**AIM OF THE TASK**
Return all lines in the data where the string "Pool" can be found.

**DATA SECTION**
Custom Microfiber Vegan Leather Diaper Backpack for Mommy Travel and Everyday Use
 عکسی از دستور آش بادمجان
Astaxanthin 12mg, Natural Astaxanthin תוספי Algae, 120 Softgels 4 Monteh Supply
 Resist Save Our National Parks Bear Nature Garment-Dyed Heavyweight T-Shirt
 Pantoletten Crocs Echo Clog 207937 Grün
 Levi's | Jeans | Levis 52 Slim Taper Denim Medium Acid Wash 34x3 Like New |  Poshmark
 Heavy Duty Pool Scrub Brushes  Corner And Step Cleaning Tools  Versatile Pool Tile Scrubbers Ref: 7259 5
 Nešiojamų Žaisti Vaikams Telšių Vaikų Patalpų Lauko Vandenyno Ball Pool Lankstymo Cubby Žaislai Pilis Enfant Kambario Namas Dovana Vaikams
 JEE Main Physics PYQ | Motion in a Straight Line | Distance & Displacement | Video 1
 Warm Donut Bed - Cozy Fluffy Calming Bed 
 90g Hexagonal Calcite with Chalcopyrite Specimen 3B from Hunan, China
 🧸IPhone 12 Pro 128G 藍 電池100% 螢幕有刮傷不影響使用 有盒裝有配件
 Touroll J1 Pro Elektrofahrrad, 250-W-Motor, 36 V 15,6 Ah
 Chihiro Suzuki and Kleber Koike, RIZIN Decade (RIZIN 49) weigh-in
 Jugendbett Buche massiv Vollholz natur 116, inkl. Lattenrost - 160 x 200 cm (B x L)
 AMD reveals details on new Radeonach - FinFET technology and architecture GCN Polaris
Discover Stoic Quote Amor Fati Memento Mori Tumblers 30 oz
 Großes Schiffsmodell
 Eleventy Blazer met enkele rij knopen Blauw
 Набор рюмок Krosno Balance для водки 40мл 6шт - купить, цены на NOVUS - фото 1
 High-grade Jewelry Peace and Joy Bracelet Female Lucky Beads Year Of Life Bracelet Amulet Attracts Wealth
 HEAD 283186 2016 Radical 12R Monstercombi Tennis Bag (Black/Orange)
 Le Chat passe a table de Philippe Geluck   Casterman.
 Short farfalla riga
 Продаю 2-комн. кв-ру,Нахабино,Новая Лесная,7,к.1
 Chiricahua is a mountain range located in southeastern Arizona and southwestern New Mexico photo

**RESULT OF THE EXERCISE**
 Heavy Duty Pool Scrub Brushes  Corner And Step Cleaning Tools  Versatile Pool Tile Scrubbers Ref: 7259 5
 Nešiojamų Žaisti Vaikams Telšių Vaikų Patalpų Lauko Vandenyno Ball Pool Lankstymo Cubby Žaislai Pilis Enfant Kambario Namas Dovana Vaikams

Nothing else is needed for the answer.